Which of these would you use?
* Phototransistor (Say: http://tinyurl.com/5bspbk for example)
* Photodiode (Say: http://tinyurl.com/58wuwp for example)
* or a full on IR Receiver (Like: http://tinyurl.com/54vqs6) and PWM the IR led(s) to the right frequency.
Can't really say for sure. Phototransistor/diode would probably require a bit of 'lensing' to aim to light right, but you wouldn't need to be really accurate or anything. But...you might trip the sensor with the ambient light in the room, so you'd need to throw a bit of 'fuzzy logic' in the program, maybe a counter that say counts 10 times in a row it senses the light and kicks out whatever it is you want to kick out.
An IR TX/RX may have it's advantages...relatively easy to do, one obvious one being that you'd only be looking for the signal that you're sending out, fewer false triggers.
Either way you go, if you know when the IR is on, then you can sense if the IR is really being reflected vs. with ambient light, if you know the IR is off, and you're sensing the signal, then you know the room light is getting in the way.

Hi,

Why not attach a sensor with encoder from an old PC mouse on the end of the rotating axis. Then you can count how many pulses and position your screen within mm from where it should be.

You might even have a pin on your pic to a hardware counter and then it will more or less count by itself.

/me

Why not attach a sensor with encoder from an old PC mouse on the end of the rotating axis. Then you can count how many pulses and position your screen within mm from where it should be.
You might even have a pin on your pic to a hardware counter and then it will more or less count by itself.
I thought about that too...but, if that count goes off by one this time, one the next time, and so on, one of those times, the motor is gonna drive too far, burn out, the screen is going to fall off, whatever. Still need some sort of end of travel sensor to reset the counter to zero (or 100 or whatever) once in awhile to keep things straight.

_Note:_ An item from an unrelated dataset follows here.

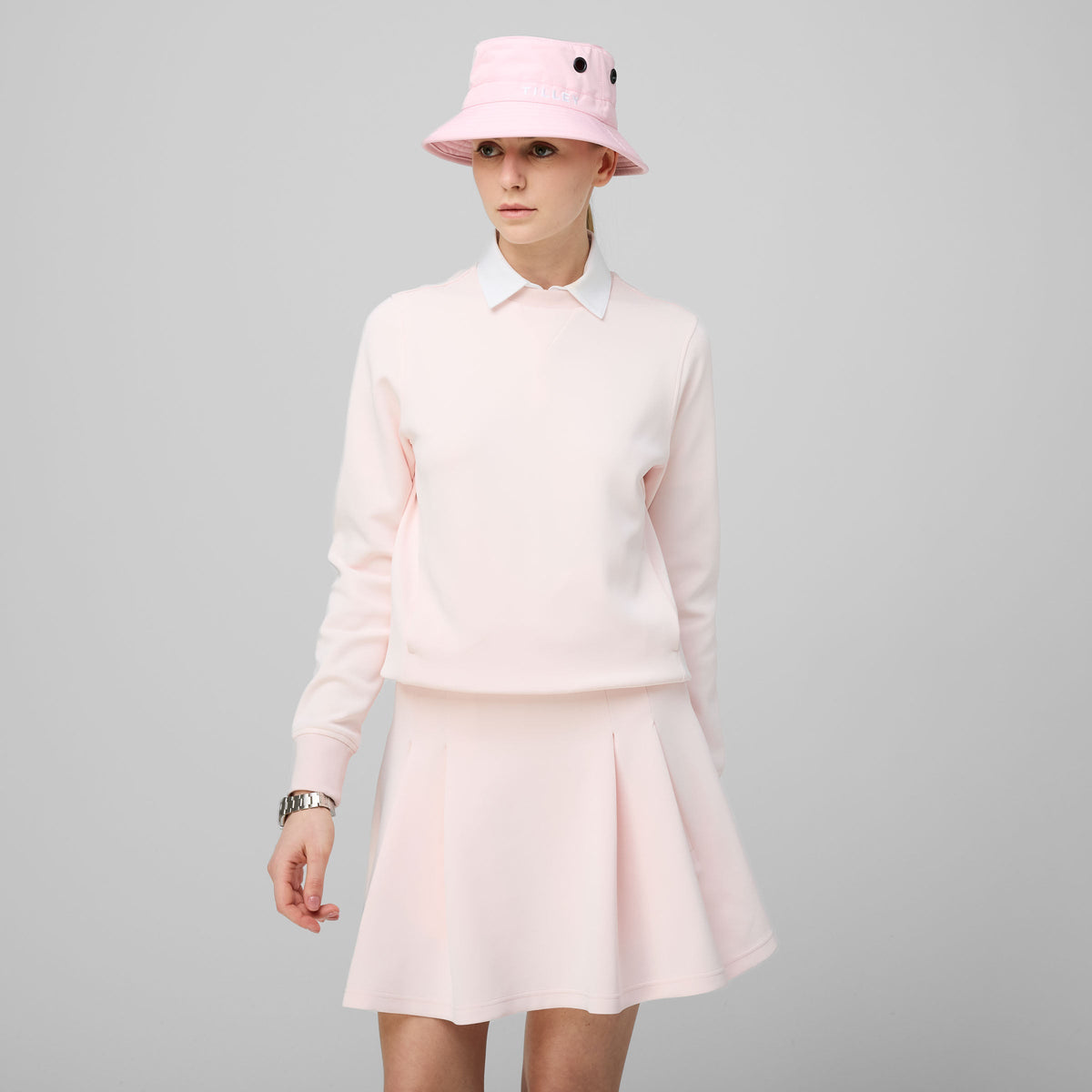 Tilley Striped Airloft Pleated 半截裙｜戶外運動及日常生活 | 海外代購-戶外服飾-FIT MART 香港智能健康及運動生活用品專門店：筋膜槍、瑜伽輔助工具、智能健身設備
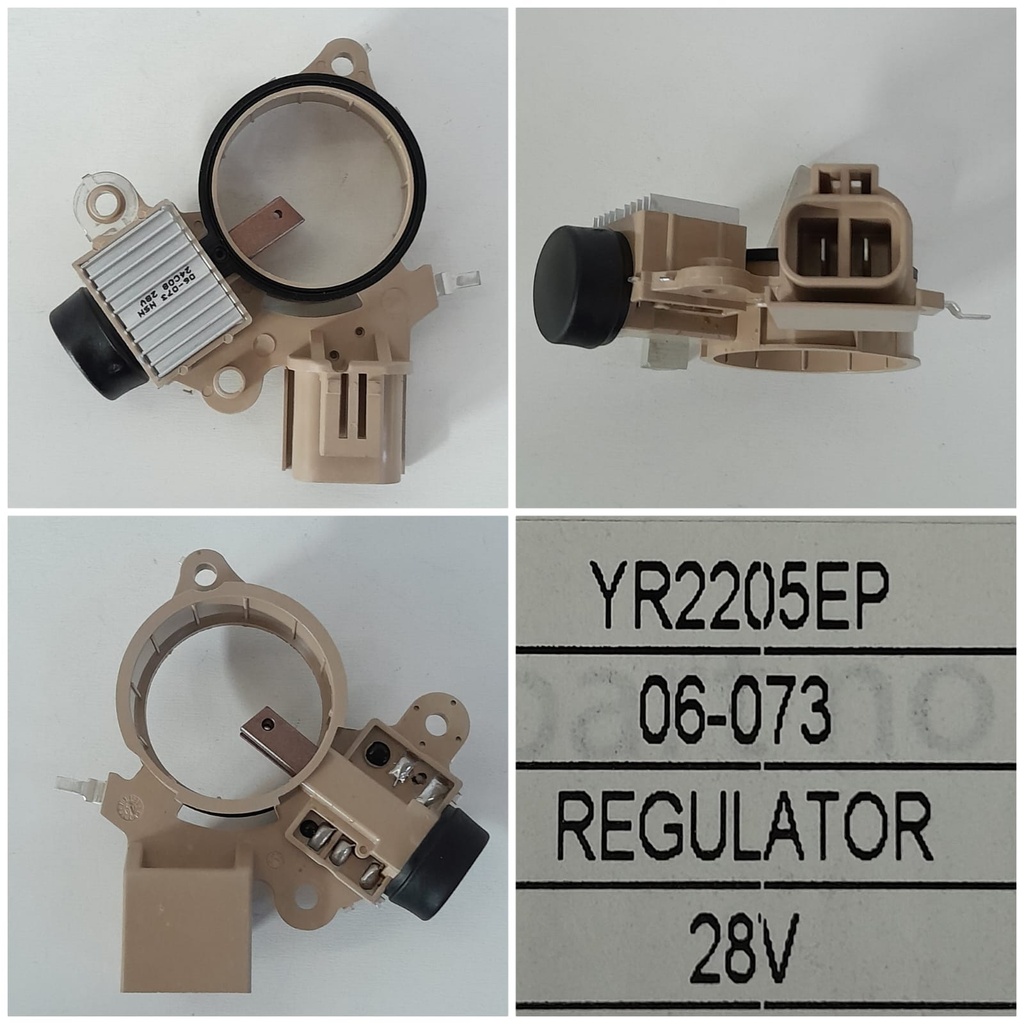 YR2205EP-HYUNDAI 24V 43MM CROSS REGULATOR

Actually the motor has it's own cut-out

When the screen is fully extended it kills the motor, and when it's fully retracted it does the same. That's built in the head end. The worse that'll happen is it'll extend to far for my use and knock something off the TV unit :)

I did consider it, and still haven't ruled it out (as a mouse is cheaper then my parts order ;) - and I should have one laying around)

But I have questions like - how do I count without causing the remote to fail, or while still being able to respond on the serial port. - If I remember right
one of these timer/pwm/things/ works as a counter also - perhaps I can let it do the counting in the background and interrupt when it overflows.

I suppose it's one of those things I'd have to experiment with.

The option is open for a combination of the two.

A sensor at the top to tell it when it's fully retracted, and using the mouse sensor to count the way down.

But, just knowing absolutely whether the screen is UP or DOWN will be so much easier.

My biggest problem now comes from being completely broke and not being able to afford the parts I need to make sensors.